CONSULENZA LEGALE CONTINUATIVA E RISOLUZIONE ANTICIPATA

Possibile la risoluzione anticipata di una consulenza legale continuativa

Corte di Cassazione, seconda sezione civile, sentenza n. 25668 del 2018

L’oggetto della questione giunta sino in Cassazione riguarda il recesso operato dall’Agenzia Regionale per la Protezione dell’Ambiente del Friuli Venezia Giulia dal contratto di consulenza e conferimento di incarico di assistenza legale, stipulato con un professionista.

Il Tribunale di primo grado, nel respingere le doglianze attoree aveva ricondotto il contratto stipulato con l’ente come un mandato oneroso a tempo determinato, con cui l’attore si era obbligato per un numero determinato di anni a prestare la propria opera professionale in merito a tutti gli affari legali dell’ente in questione, e ritenendo sussistente una giusta causa oggettiva di risoluzione del rapporto.

La Corte d’Appello confermando la sentenza di primo grado, inquadra il contratto in questione come contratto d’opera.

Nel caso di specie, era venuto meno “l’intuitus personae” per il sopravvenire dell’impossibilità sopravvenuta, da ricollegarsi alla sopraggiunta legge regionale che imponeva all’ente di avvalersi dell’avvocatura generale.

Gli Ermellini osservano che, una volta qualificato il rapporto come contratto d’opera non si può più applicare l’art. 1725 c.c., ma di deve applicare l’art. 2237 c.c., che permette la recedibilitàad nutum se non derogata contrattualmente.

Inoltre, secondo costante orientamento giurisprudenziale:

“Il recesso ad nutum di cui all’art. 2237, che prevede comunque il dovere del cliente di corrispondere al prestatore d’opera intellettuale spese e compensi per l’attività svolta, si fonda sui connotati spiccatamente fiduciari di questo tipo di rapporto.

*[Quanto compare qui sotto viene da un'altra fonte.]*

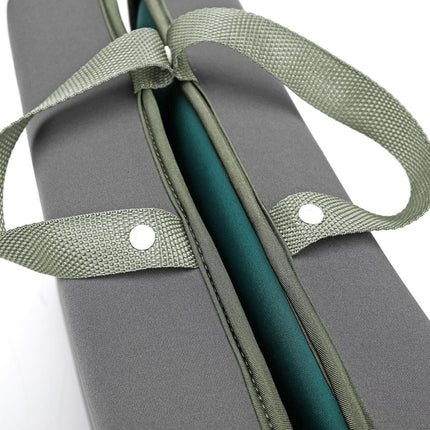 Kneeling Cushion Pad Portable Memory Foam Kneeler Mat Garden Camping Repairing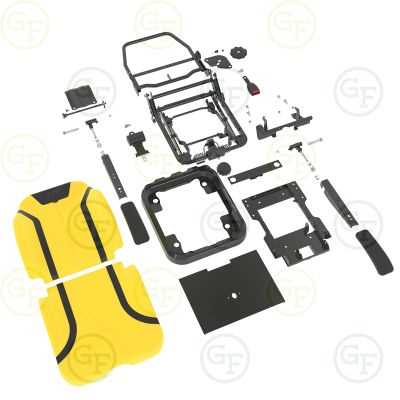 john deere z930 parts diagram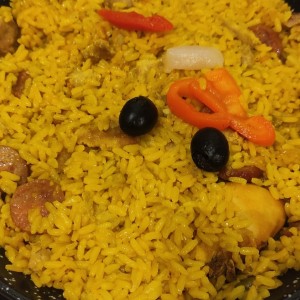 Arroces - Paella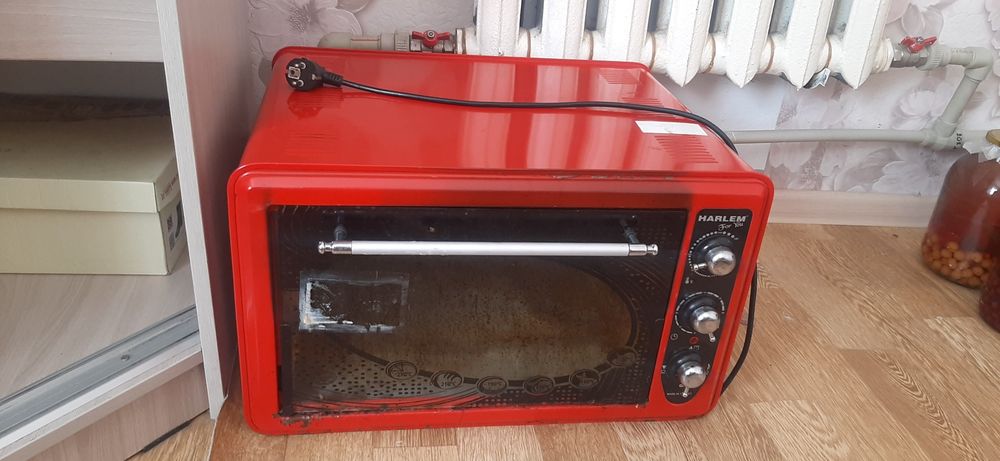 Продам печку и газ плиту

Il recesso è funzionale al fondamento fiduciario di esso e giustifica una tutela meno intesa del prestatore, sotto il profilo della continuità del rapporto, e da qui discende l’esclusione del diritto al mancato guadagno”.

La dottrina in maniera molto cauta richiede che la rinuncia risulti in maniera espressa o sia stata oggetto di specifica trattativa tra le parti; in ogni caso la previsione del patto di rinuncia al recesso comporta un aggravio delle conseguenze del recesso.

Inoltre in base alla giurisprudenza maggioritaria

“il termine normalmente vale ad assicurare al cliente che il prestatore d’opera sia vincolato per un certo tempo nei suoi confronti, si riferisce cioè all’andamento ordinario del rapporto, non alla sua fase di risoluzione”.

Detto ciò si deve confermare l’orientamento già espresso da Cassazione, con la sentenza n. 469 del 2016 in base al quale in tema di contratto d’opera professionale, la previsione di un termine di durata del rapporto non esclude la facoltà di recesso ad nutum, previsto dall’art. 2237 c.c.